Pub Date: Sept. 5th, 2013
ISBN: 978-1-4922-3710-5
Publisher: CreateSpace

In this debut mystery, an ambitious young man’s rise in the magazine world is stymied by a secret history of murder and betrayal.

When Leaf Wyks, the editor of the high-end interior design magazine Inside, is found poisoned to death in her Los Angeles home, the police immediately suspect Anthony Dimora. Before Leaf abruptly fired him, Anthony was Inside’s art director and the man most likely to take her place on the masthead. Worse yet, it was Anthony who discovered Leaf’s corpse after an early morning phone call lured him to the scene. In his novel, Ross eschews the conventions of the whodunit in favor of a dishy flashback account of Anthony’s rise to the top of the interior design world and the precipitous fall that preceded Leaf’s death. Anthony was initially hired to design advertisements, but his good looks and hairy chest attracted the attention of Timmy, Leaf’s young and sexually game assistant, who, while trying to coax the new hire out of his clothes, gave up the dirt on Inside: Leaf is on the hunt for a new art director; Claret Bruin, the magazine’s publisher, has a beautiful 17-year-old son named Cole who’s notorious for seducing older men; etc.

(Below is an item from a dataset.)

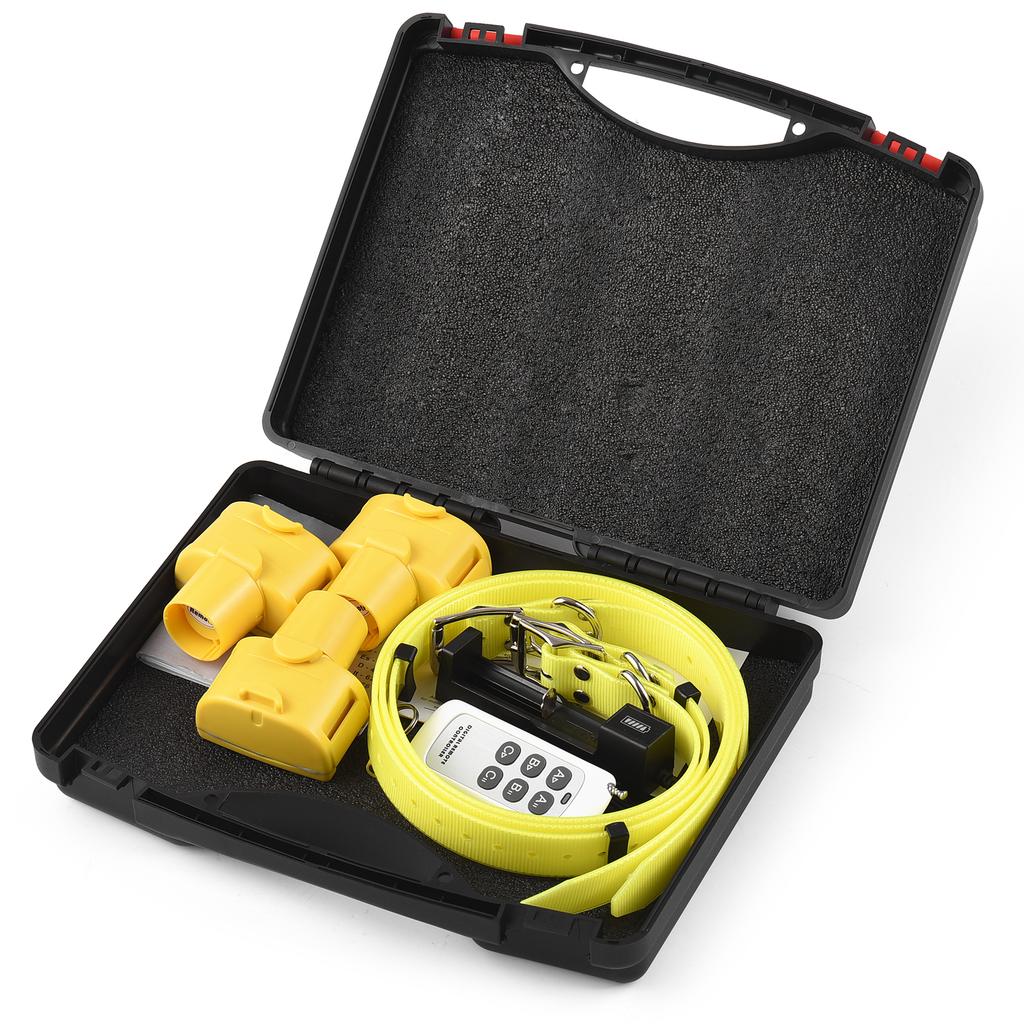 Dog Training Collar with Remote 3-Pack Beeper Chien 8-Sound Modes 1000m Control Dog Barking Stopper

Thanks to Anthony’s singular vision and his pronounced Machiavellian streak, he finds himself working at Leaf’s side, masterminding Inside’s rise to national prominence. Meanwhile, Anthony begins to shed his sexual inhibitions, enjoying trysts with a succession of interior designers, photographers and shop boys, as he bides his time until Cole’s 18th birthday and the consummation of their burgeoning romance. To his credit, Ross manages to pack a great deal of interest and suspense into even the most technical aspects of the magazine business. When Anthony directs a photo shoot, the stakes are high, and the sexiness of the work comes through. Despite a few belabored descriptions of rooms and their furnishings, this world is so enticing that readers might nearly forget to wonder who killed Leaf Wyks and why.

A sexy, scathing insider’s view of an interior design magazine that hardly needs its murder plot to keep readers enthralled.